I then consiously reflect about positive events, things, people in my past and hopefully in the future. The few positives I have in my life at present--are right here with me, so I just go pet them or throw a ball or watch a movie with my husband.

Leilanistar


----------



## Bryant (Jan 1, 2005)

Everytime I have to sit through a boring class during school, I daydream about anything, from waht shirt a person is wearing, to dont walk signs, to stoplights, to elevators, to a dream of owning a city, to a dream of even as simple as a football star, yes I know these may seem weird,but thats just me.


----------



## Jack (Dec 29, 2004)

Day dreaming's so fun. It's like you phase out froom reality, but it's so interesting (well, more then what the teacher is blabbing about) that it doesn't FEEL real...until you wake up, and the teacher syas "Now this lecture was very important. It will be on next week's final's." aye, THERE'S the rub! :lol But it's worth it!


----------



## Melusine (Jun 19, 2004)

lisamc said:


> Do any of you day dream? I am the queen of it, always have been. I always fantasize about things that could never happen, like being a beautiful, famous movie star whom everyone envies, or just being anyone who is really cool and sexy. Sometimes I day dream about things that could actually happen, like becoming a best-selling novelist (this is truly a long-term ambitious goal for me--I love to write!).
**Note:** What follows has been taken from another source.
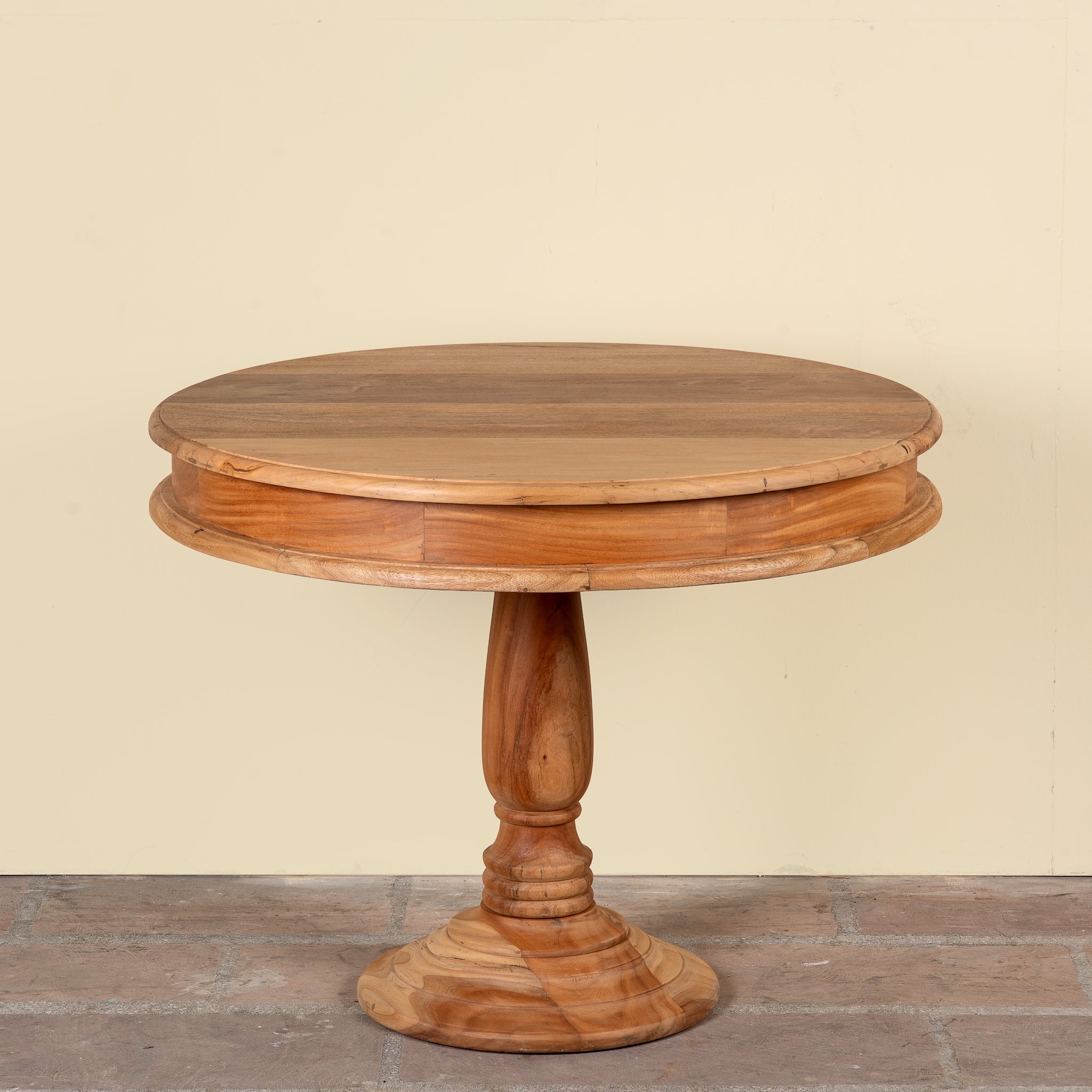 round solid wood dining table made from reclaimed teak with carved pedestal base; rustic reclaimed teak wood dining table, 100 cm diameter × 78 cm height.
I think it's healthy to do this, and recently I even read an article about how day dreaming can actually improve productivity at work and such. I think it can be very beneficial to people with SA because we can imagine ourselves being confident and sociable and feeling good about ourselves. Truly, I always feel a little pumped after a good day dream


Hi fellow daydreamer, from the time i wake all through the night i find myself dreaming and hoping for great things. I want to become a great actress and a writer, i'm very determined. It does make me feel better about myself, but don't forget that you can bring those dreams to life and you can really be the best you can imagine, if you can imagine it, you can be it. If only you will!


----------



## Nick26 (Jan 11, 2005)

Yep, I daydream too. Especially when I'm tired or bored. There is one time of the day where I _always_ daydream, and that's when I go to sleep. Don't know what I would do without it


----------



## Squizzy (Dec 21, 2004)

I day dream all the time about being a rock star or just playing my guitar really well ... really indulgent daydreams that are probably unhealthy for me.


----------



## Guest (Jan 13, 2005)

Day dream myself 

Though a lot of the times it upsets me because its not true and I feel like it never will be....sigh. Oh well.


----------



## PuzzledMike (Nov 30, 2004)

I often daydream, and have daydreamed since I was a small kid. Back then I used to daydream that I had joined the Beatles, and travelled around with them, and that I was really popular and liked. A lot of my daydreams are still really very similar to that, to be honest.


----------



## grows (Jan 5, 2005)

when do i not daydream? it's nice to forget about reality, but sometimes it can be dangerous.


----------



## dreaminoftomorrow (Jan 9, 2005)

Haha i love to daydream, especially since i have many boring classes at school. It kinda helps me get away from things for awhile, plus they are usually never negative. I too dream about being a rockstar or traveling the world lol anything to help me imagine the future could be better than how things are now.


----------



## RHB (Dec 30, 2004)

Daydreamings' a good escape......Often wish we could control our night dreaming....what fun we could all have!


----------



## idreamofu (Jan 17, 2005)

I daydream all the time of what i would do if i were a confident outgoing guy and how much better my life would've been.


----------



## 13a13i_an9el (Dec 3, 2004)

I day dream ALL the time.. it makes me forget about all my troubles, so I usually dream about pleasant happy things. I day dream especially at night before I fall asleep, it makes me happy!


----------



## cher79 (Dec 1, 2004)

I daydream about things I'd like to do/or just fantasize about:

traveling
clubbing?
finishing my book
doing well on my class presentations
flirting
just walking around, feeling more confident
being in a commercial (I love those Pontiac commercials!) or in a magazine
teaching?

usually it's when I'm studying, though, which is why it takes me so long to get things done, LOL (I don't do it in class too often though)


----------



## Xothandir (Jan 23, 2005)

I daydream alot - especially when i'm bored. It's usually about going places, having good friends, feeling confident etc. Negative daydreams suck though :doh .


----------



## Szattam (Nov 11, 2003)

Yeah I often do this too... Sometimes realistic, sometimes complete fantasy. I agree that it can be useful for setting goals for yourself, and to play out and "preview" possible future events in your head. When I was young I daydreamed about what I want to work when I grow up and it helped me turn it into a reality  Though it doesn't always work for everything, since we SA folk are pessimistic bastards :\


----------



## nbll12 (Feb 16, 2005)

I daydream a lot, even though sometimes it gets frustrating


----------



## kev (Jan 28, 2005)

I daydream constantly. I can't concentrate. I can't follow people when they're talking because i'm always distracted with my own useless thoughts that just go in circles and never get me anywhere. Even if they're pleasant daydreams which they are sometimes, i still think they're kind of useless. I don't convert them into reality.


----------